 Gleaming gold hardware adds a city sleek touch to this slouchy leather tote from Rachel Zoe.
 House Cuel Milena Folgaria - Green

═══

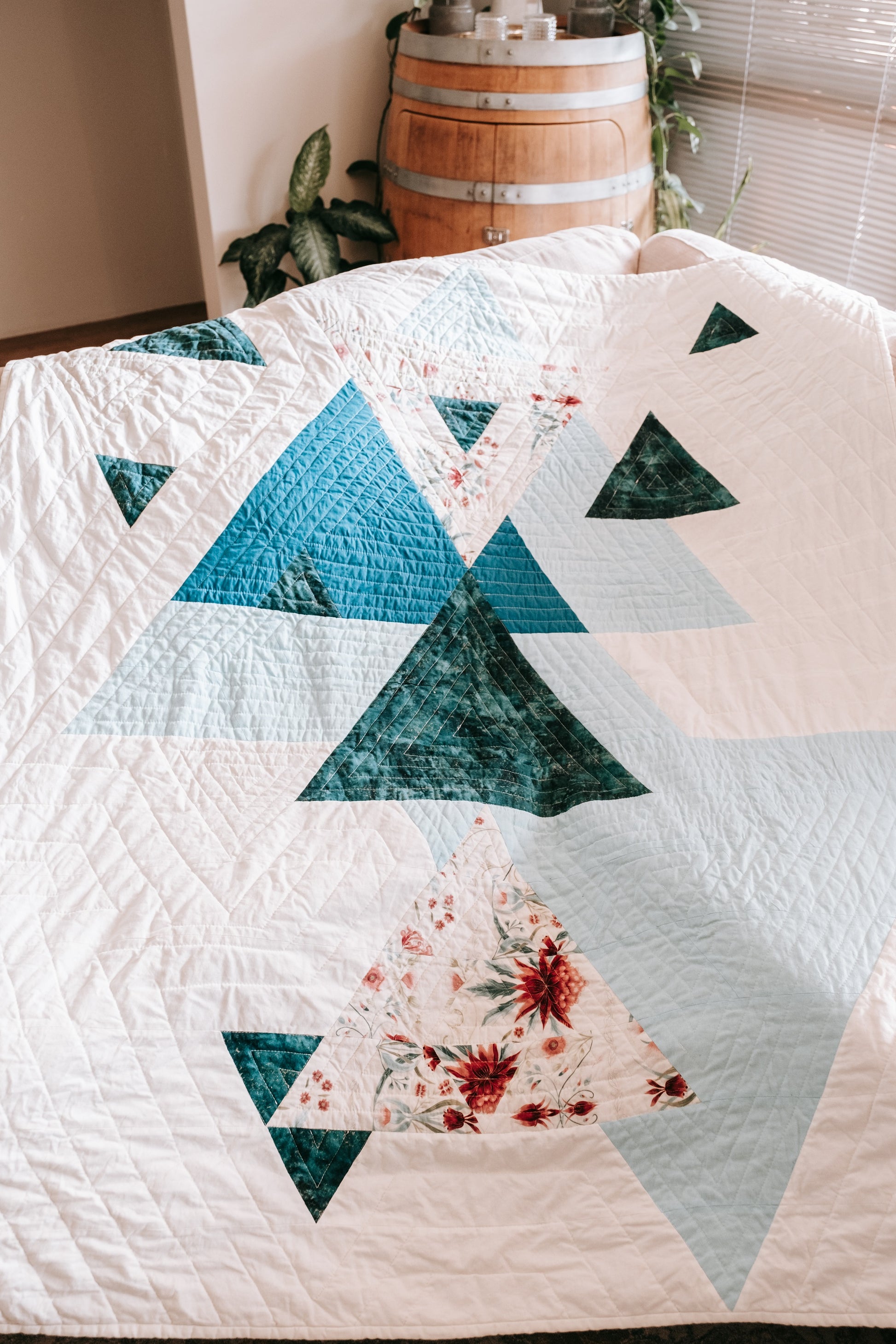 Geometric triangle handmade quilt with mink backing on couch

═══

Work item: Once you find the line with "Gleaming gold hardware" in the entries above, output it and each line after it up to and including the line with "House Cuel Milena Folgaria - Green", and nothing else.

Answer to the problem:
 Gleaming gold hardware adds a city sleek touch to this slouchy leather tote from Rachel Zoe.
 House Cuel Milena Folgaria - Green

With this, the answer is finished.